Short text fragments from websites
▬▬▬

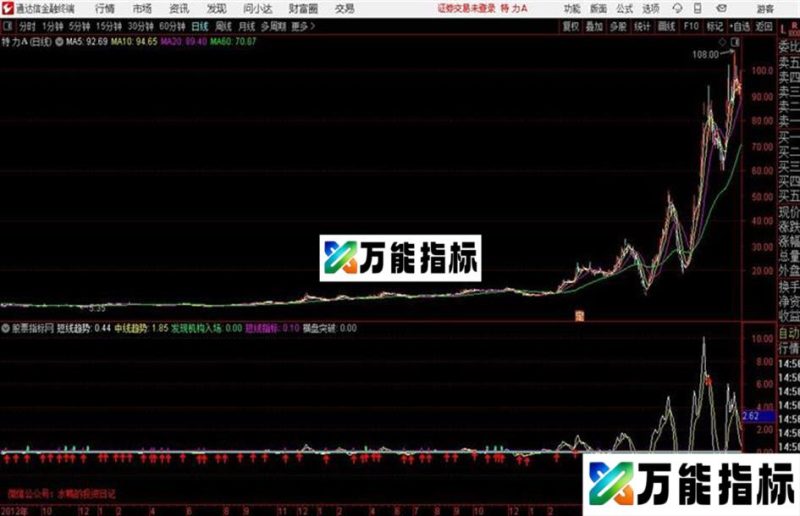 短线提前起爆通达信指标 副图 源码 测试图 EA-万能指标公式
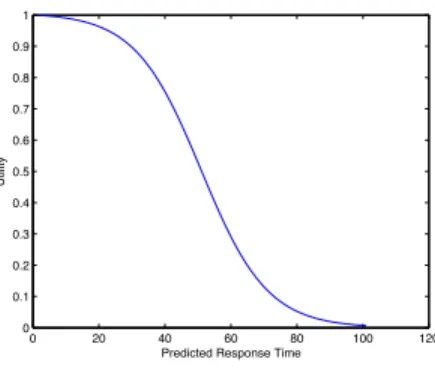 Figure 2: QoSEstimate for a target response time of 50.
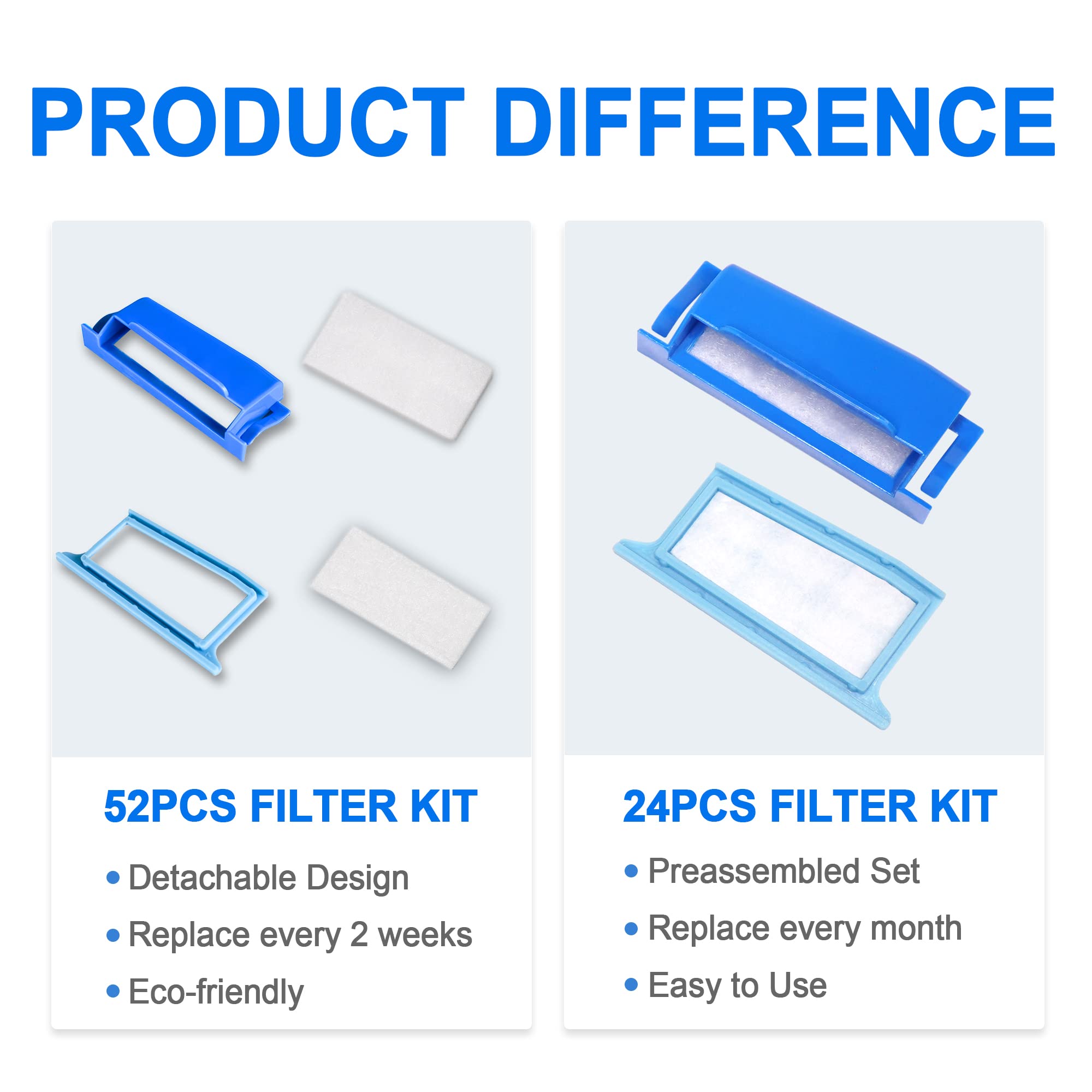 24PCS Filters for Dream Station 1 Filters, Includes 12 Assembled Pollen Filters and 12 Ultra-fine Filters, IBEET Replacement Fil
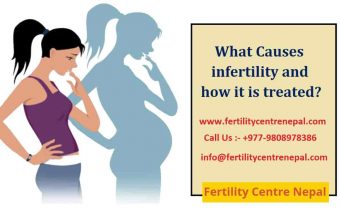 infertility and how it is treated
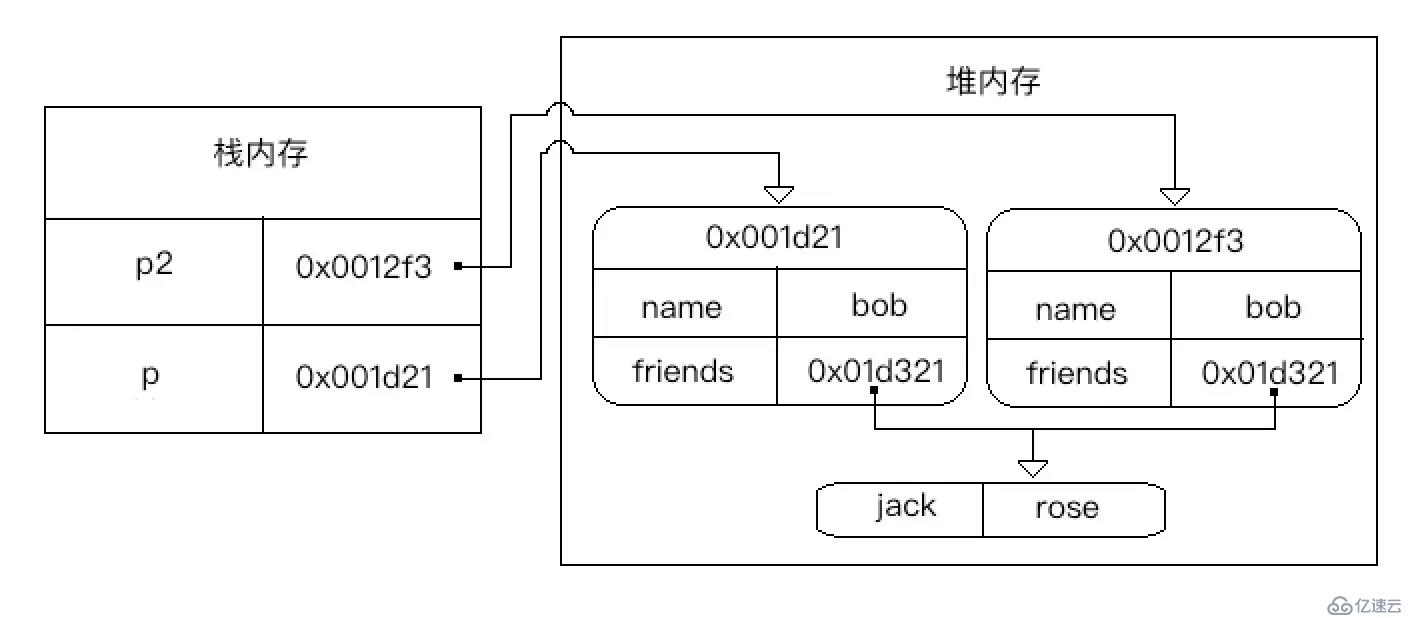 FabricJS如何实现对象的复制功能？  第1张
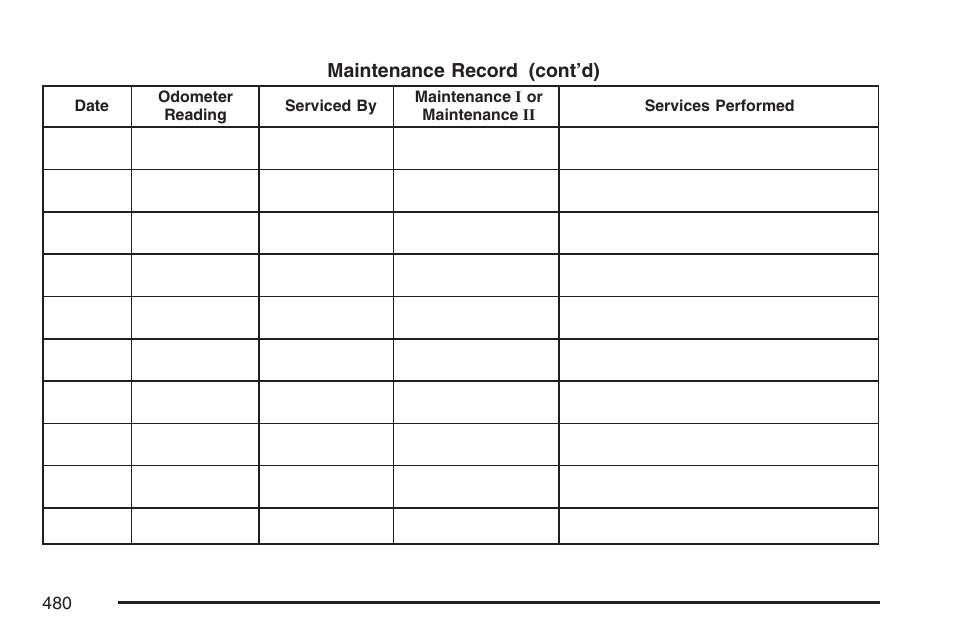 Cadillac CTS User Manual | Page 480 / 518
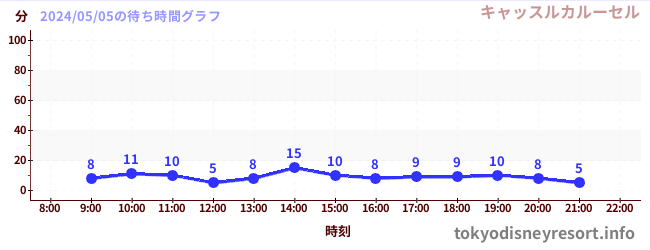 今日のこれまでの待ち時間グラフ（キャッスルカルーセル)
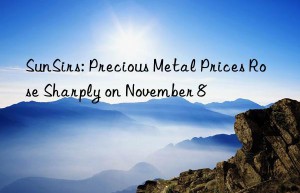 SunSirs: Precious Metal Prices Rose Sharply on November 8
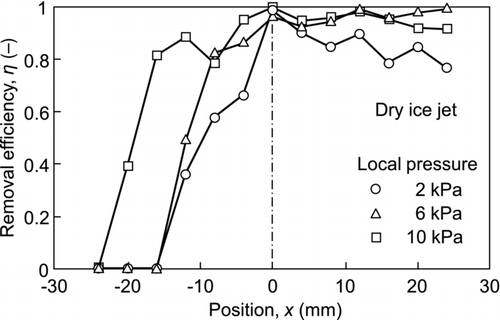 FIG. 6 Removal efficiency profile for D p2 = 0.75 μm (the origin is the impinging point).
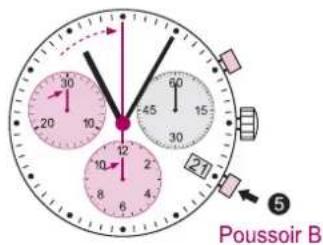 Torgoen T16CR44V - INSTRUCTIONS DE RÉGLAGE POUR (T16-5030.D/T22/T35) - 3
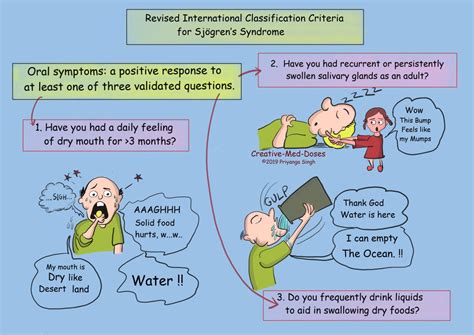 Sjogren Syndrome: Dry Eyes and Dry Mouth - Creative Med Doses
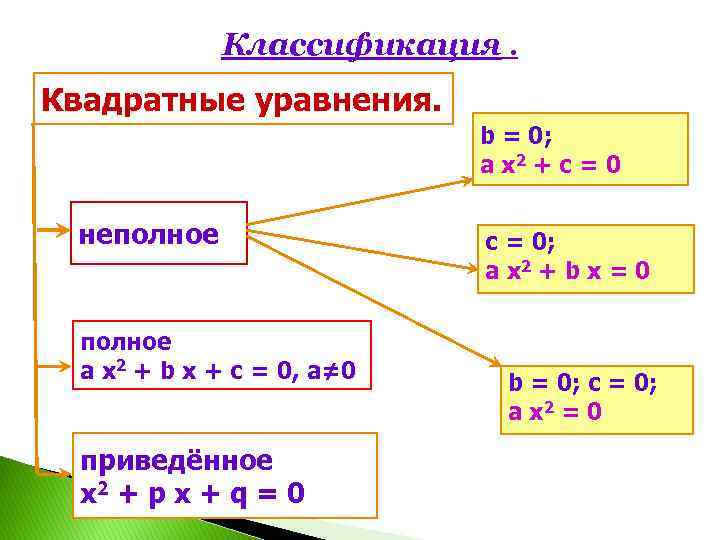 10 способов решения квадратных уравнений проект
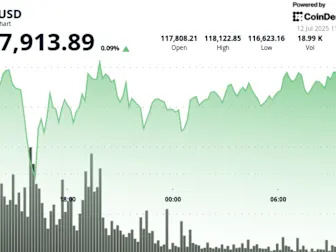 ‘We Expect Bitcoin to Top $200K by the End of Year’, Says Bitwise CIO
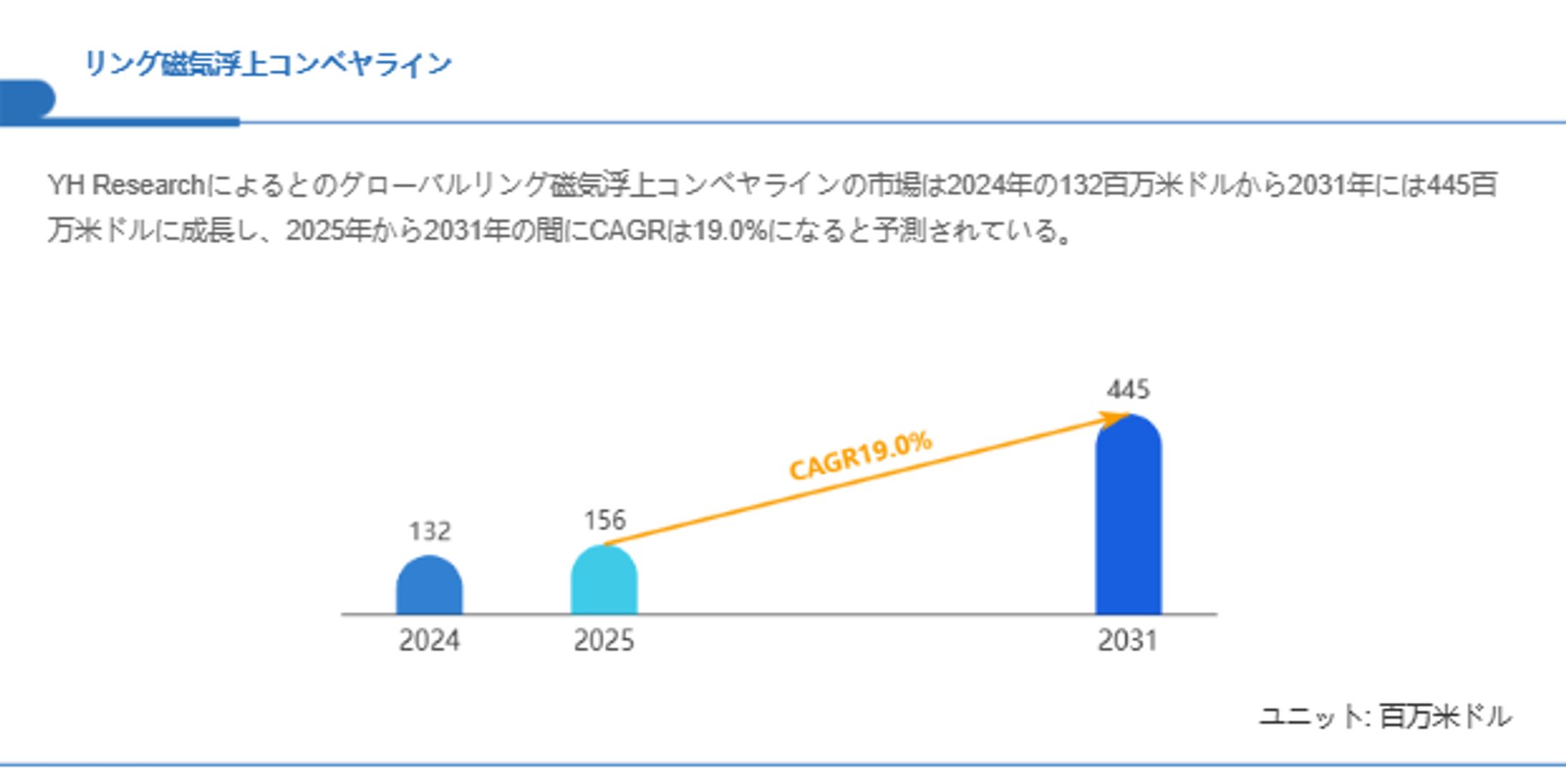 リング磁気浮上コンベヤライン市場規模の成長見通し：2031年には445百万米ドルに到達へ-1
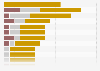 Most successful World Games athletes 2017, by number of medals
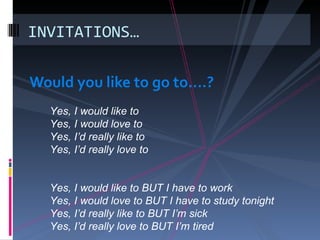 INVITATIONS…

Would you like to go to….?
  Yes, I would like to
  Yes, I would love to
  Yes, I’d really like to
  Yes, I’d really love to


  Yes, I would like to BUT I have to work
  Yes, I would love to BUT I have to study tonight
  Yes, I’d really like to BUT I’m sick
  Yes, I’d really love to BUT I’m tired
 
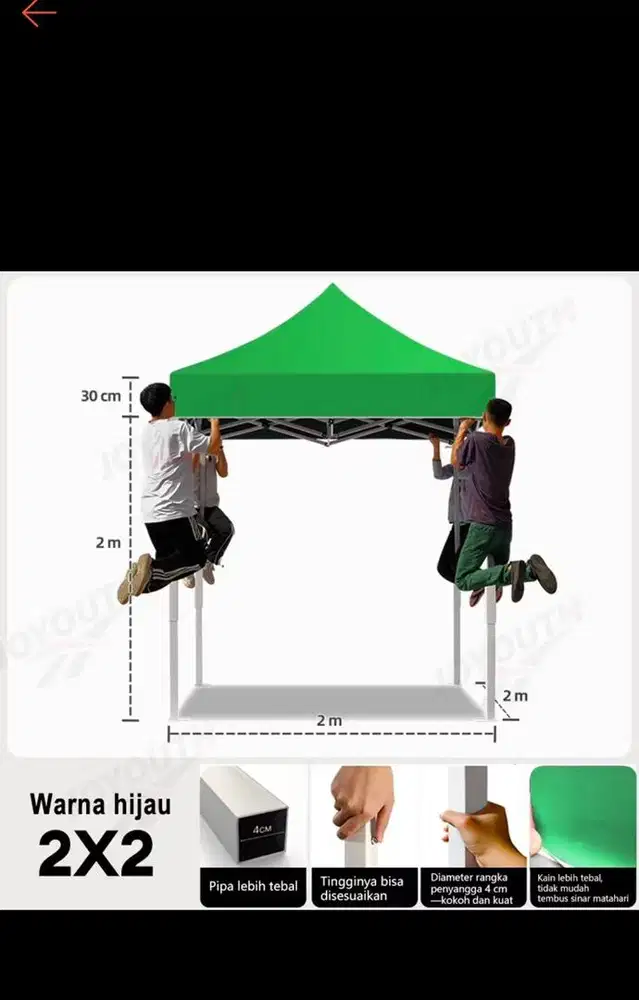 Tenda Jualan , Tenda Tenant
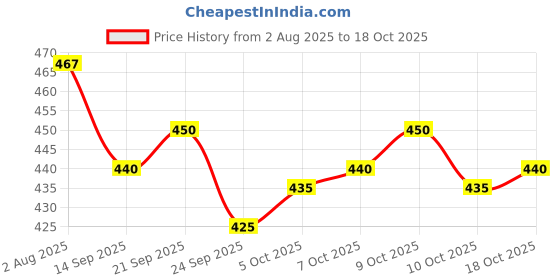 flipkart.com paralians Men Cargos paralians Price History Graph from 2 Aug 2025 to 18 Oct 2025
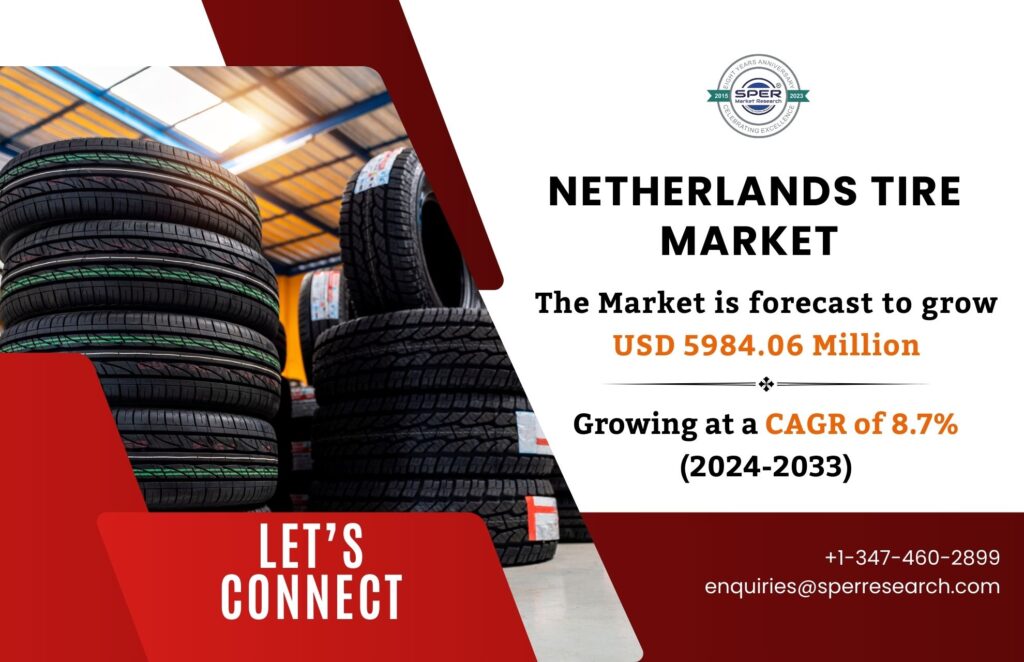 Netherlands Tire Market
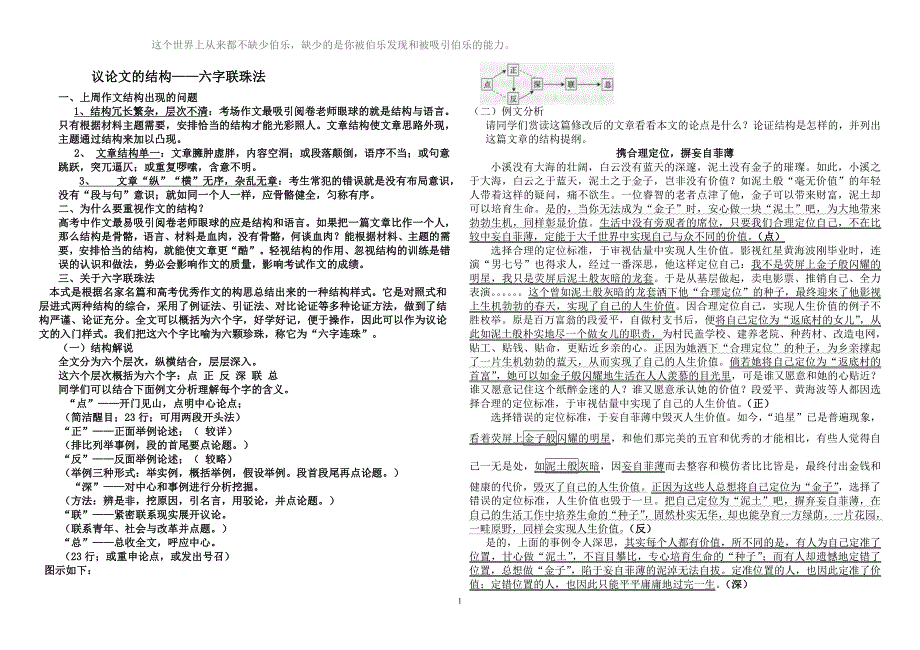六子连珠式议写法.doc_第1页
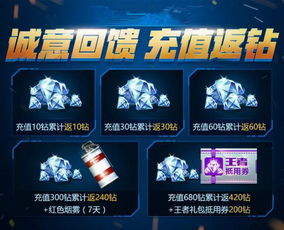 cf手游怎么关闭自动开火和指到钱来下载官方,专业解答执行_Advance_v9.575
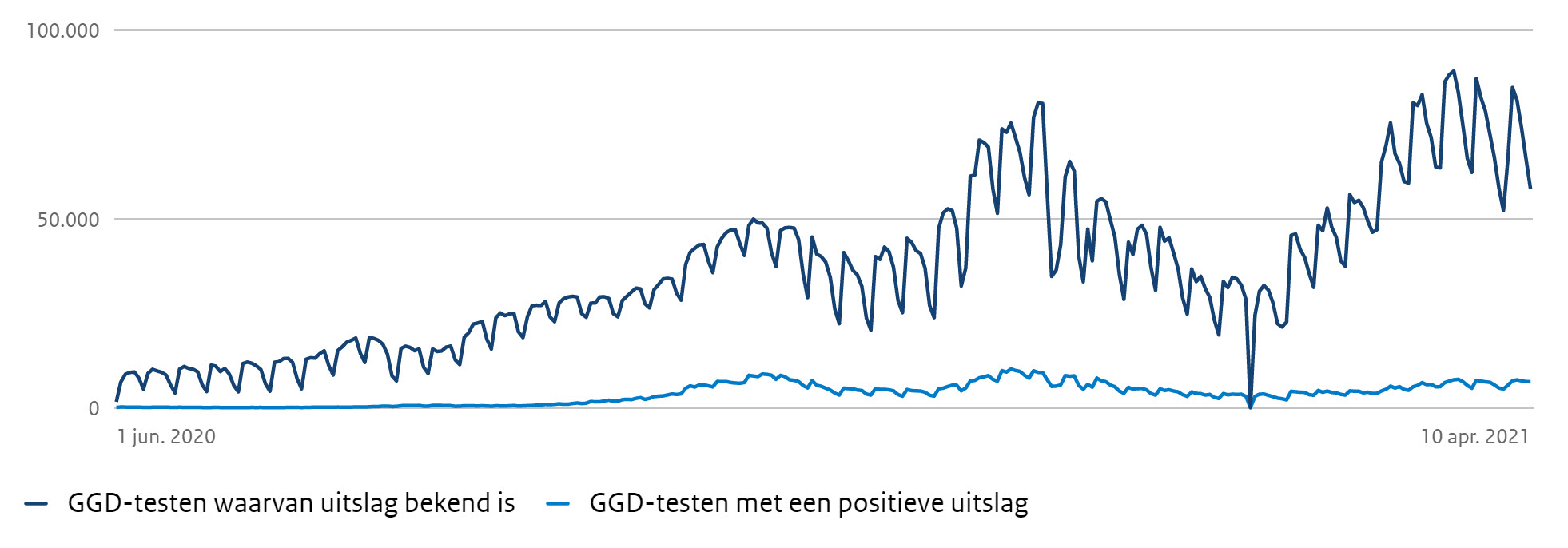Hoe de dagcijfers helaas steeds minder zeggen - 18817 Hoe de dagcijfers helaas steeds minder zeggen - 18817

▬▬▬

What to do:
Select and copy each line from the data that includes the word "like".

Answer below:
Would you like to go to….?
  Yes, I would like to
  Yes, I’d really like to
  Yes, I would like to BUT I have to work
  Yes, I’d really like to BUT I’m sick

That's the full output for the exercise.